Years ago, when I was young enough to need a hand to hold on my walk home from school, I had a conversation with my granny about death. I can't remember the context, or why I was asking about it, in fact I hardly remember the conversation at all. Just the one little bit; her answer to my question of why people cry when someone dies. I told her I would cry because I was sad, wouldn't she? In the most gentle of grandparent traditions, she told me a story. Her friend had died, and she had cried then. "I wasn't sad for me," she told me, "but my friend had the most beautiful roses. When she died, I cried because I was sad about the roses. Who would look after the roses?"
This weekend, her husband, my grandpa, passed away.

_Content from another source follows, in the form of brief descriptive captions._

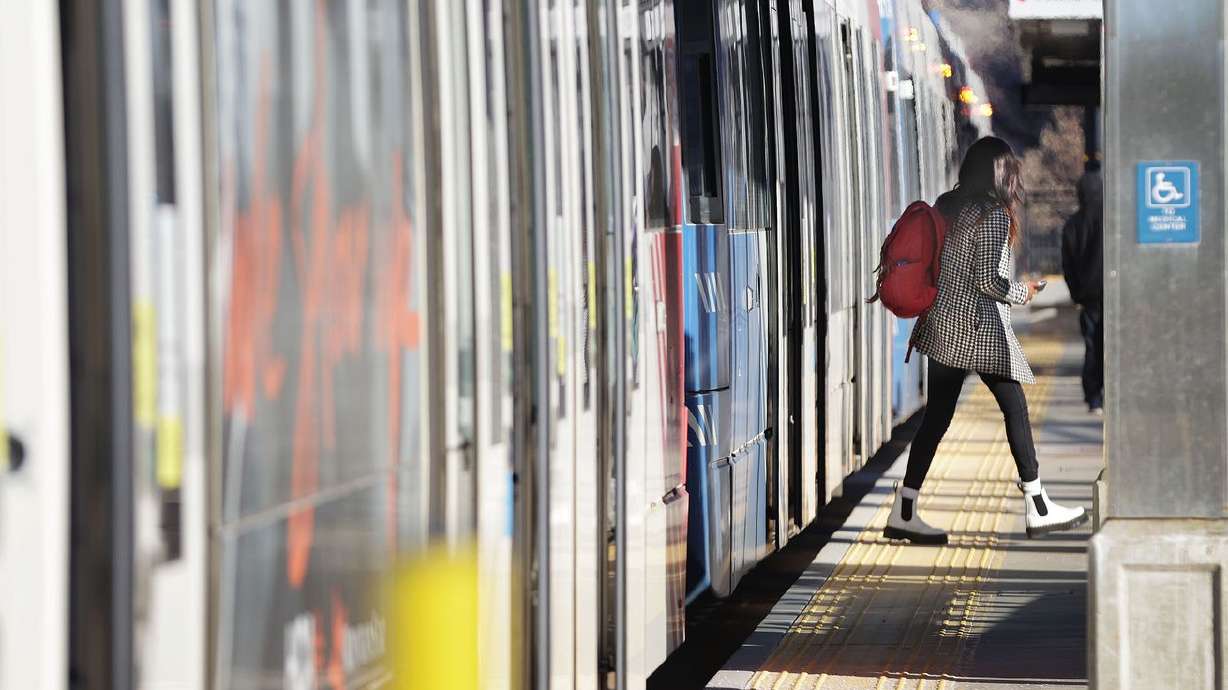 A TRAX rider exits a train in Salt Lake City on Feb. 1, 2022. Utah Transit Authority will not collect fares this weekend as it updates its systemwide collection system.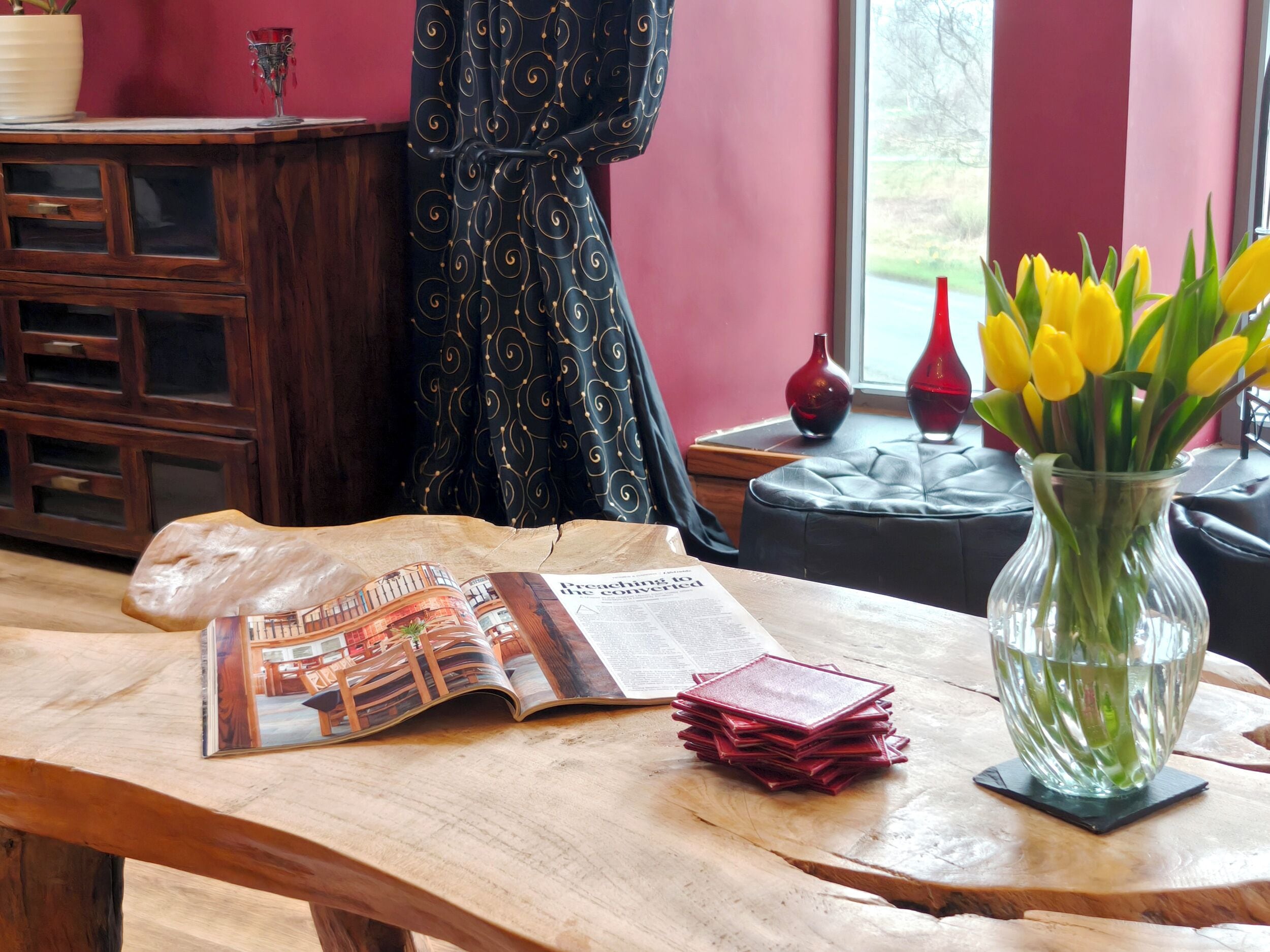 Een houten tafel met een tijdschrift, een stapel rode kaarten en een vaas met gele bloemen.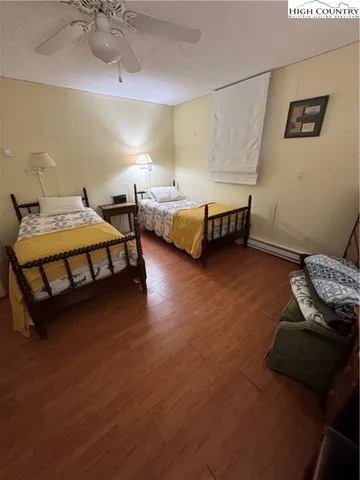 a bedroom with bed and a chandelier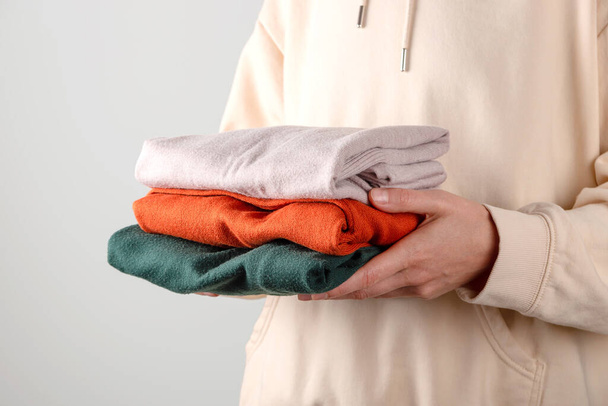Stack of autumn basic womens turtlenecks in trendy colors in female hands. Minimalist basic wardrobe. Household laundry - Photo, Image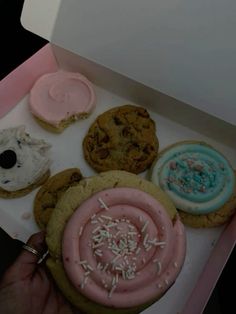 an open box filled with different types of cookies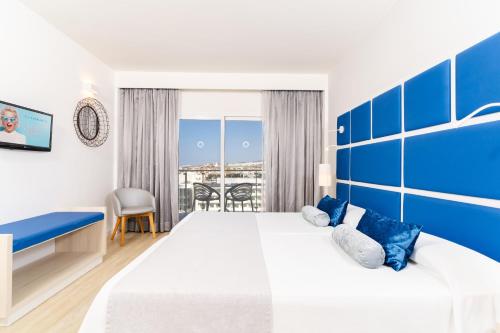 a hotel room with a large bed with blue accents at HOVIMA Cool Costa Adeje in Adeje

He was really tall, and really bald. Our family is famous for our hooked and crooked noses of which he was the proud patriarch. He mumbled an Afrikaans prayer before every meal and for years I tried to decipher his words; I gave up eventually, relishing the mystery of his short incantation. He'd come over to visit and, as we'd all sit outside chatting, he'd bend down and start to weed the lawn, or the driveway, or the minute cracks between tiles on the stoep. He didn't usually heed to the subsequent "Opi, SIT!" from his wife and children. Along with the nose, he gave his five children a work ethic that drives his grandchildren insane. And with that work ethic--similar to what you'd find amongst an efficient troupe of precision elves--he gave us, and gave us all, an unwavering commitment to making things work. Nothing is ever broken; it's just in need of fixing. Oh, and fixing that you'll do yourself. He leaves behind a family who wield power tools like most people wield cutlery.
He would have naps on the carpet in their lounge.
It's impossible to credit the different parts of my being to one specific person. But I can make educated guesses. My mother is one of five, three sisters and two brothers. Three sisters who are strong, not strong women, no, strong people. Against any measure, the women in my family are formidable. Born in the 1950s (and '61), they could have missed that train. But they didn't. Maybe some pop-psychologists would critique my grandparents for having high expectations, but they cannot be faulted for their non-discriminatory approach: their daughters were not exempt from becoming fiercely independent and successful individuals.
I had a glass of wine with my aunt yesterday, at one point she asked if I was dating anyone. I told her no, that I'm too busy, that if I wanted to be in a relationship, I'd be in one. She just laughed. "That's the thing with us Kramer women, isn't it? We don't need a partner, we're happy alone." She's right. Somewhere between my grandpa and my grandma, my mother and her sisters learnt that they were fully capable of flourishing in the world by themselves. And flourish they do. It's not just my grandpa, it's not just my mom and her family. But I wouldn't be the woman I am if my mother wasn't the woman she is, and she wouldn't be that woman if her father had treated his daughters like men treated women in the 1950s.
There are no roses, literal or otherwise, that will need looking after now that my grandpa's gone. My granny kept sane through five children and a career of professional and personal caring, so she'll be fine. We'll all be fine.
So I don't cry for the roses, no. I cry because, like eight year old Jen, I'm sad.